Perguntei então, se devia continuar a separar os enferrujados ou se ele iria jogá-los fora. Com um olhar de surpresa ele me questionou do porque de jogar pregos fora, pois mesmo os enferrujados têm seu uso. Falou que um prego enferrujado é como uma questão mal resolvida na vida da gente. Serve pra lembrar que a gente ainda tem um monte de coisas para fazer ou para aprender e ainda não fez. “Como assim?” perguntei visivelmente confuso. Meu pai sentou-se no chão e explicou. Lembrou de uma vez que eu tinha aprontado uma travessura e ele tinha me posto de castigo. Disse que eu tinha que aprender a não fazer mais a travessura, mas que a lição não era só essa. Falou que a lição, ali, era a da humildade e que eu não tinha pedido desculpas pelo que eu tinha feito e nem ele tinha tido a oportunidade de me dizer que já tinha me perdoado e sentia orgulho de eu não ter repetido meu erro.

Parei e refleti um pouco no que meu pai havia de dito, olhei-o nos olhos e perguntei tímido, se ele podia me desculpar por ter feito aquilo.

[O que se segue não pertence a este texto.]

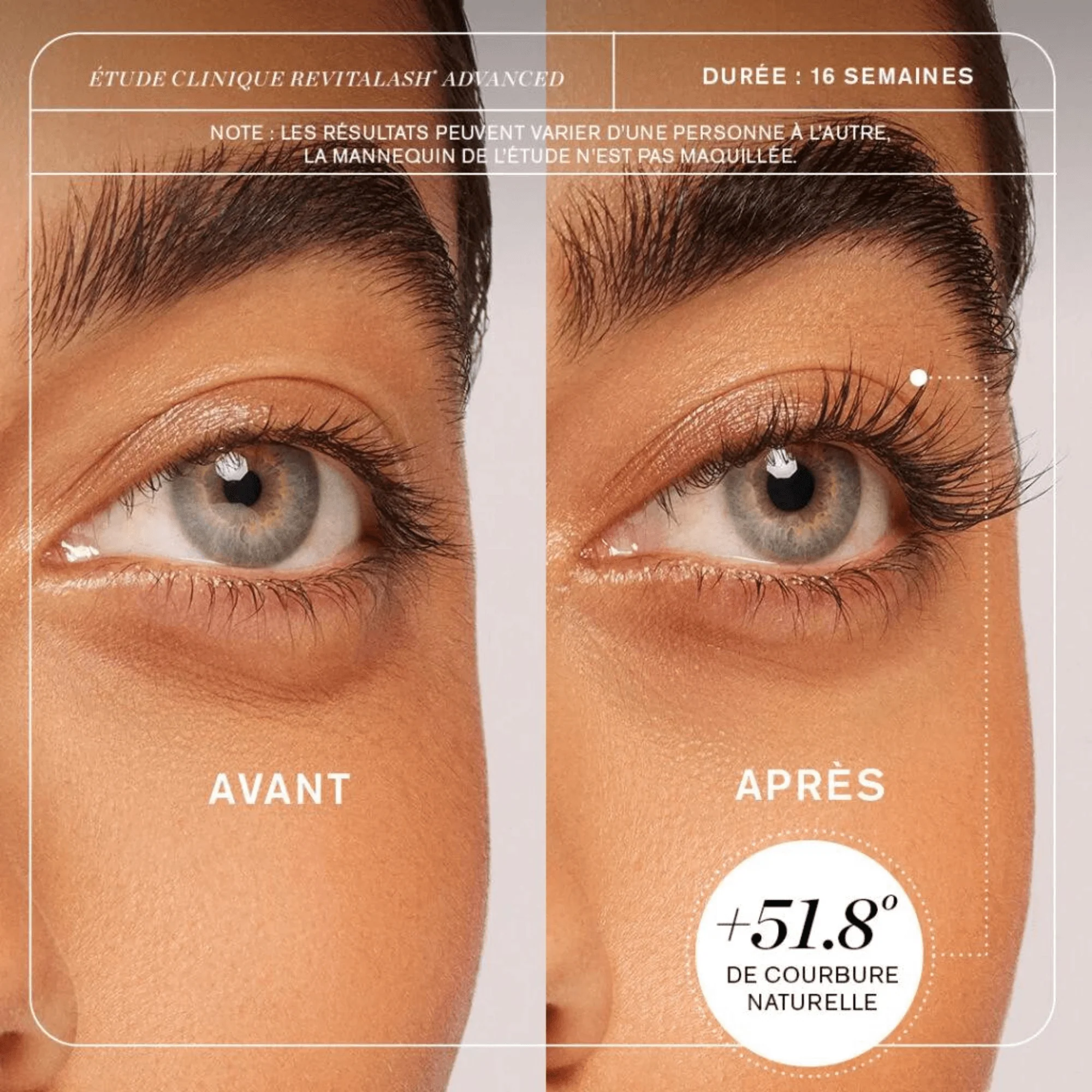 RevitaLash® Advanced Soin revitalisant pour cils - Image 5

Ele imediatamente disse que sim e reforçou sua satisfação por eu ter aprendido tão bem a lição.

Passamos então a separar cada prego e lembrar, para cada um, uma história. Nossos erros e acertos foram contados e recontados a cada prego separado. Os mais brilhantes lembravam histórias engraçadas ou emocionantes. Os mais velhos e tortos, os erros, as lutas e as dificuldades pelas quais já havíamos passado. Os maiores eram venturas jamais esquecidas. Os menores, tropeços. Os mais enferrujados, desafetos. Os compridos e finos, vitórias.

Separamos pregos e recontamos nossas historias um para o outro, pai e filho ali, sentados no chão do quintal, durante quase uma tarde inteira. Quando a caixa de pregos terminou, éramos não mais pai e filho, mas dois grandes amigos, que agora não tinham mágoa, tristeza ou dúvida dentro de cada um. Ou melhor, tinha sobrado algo sim. Apenas uma caixa de pregos, mas do lado de fora do coração.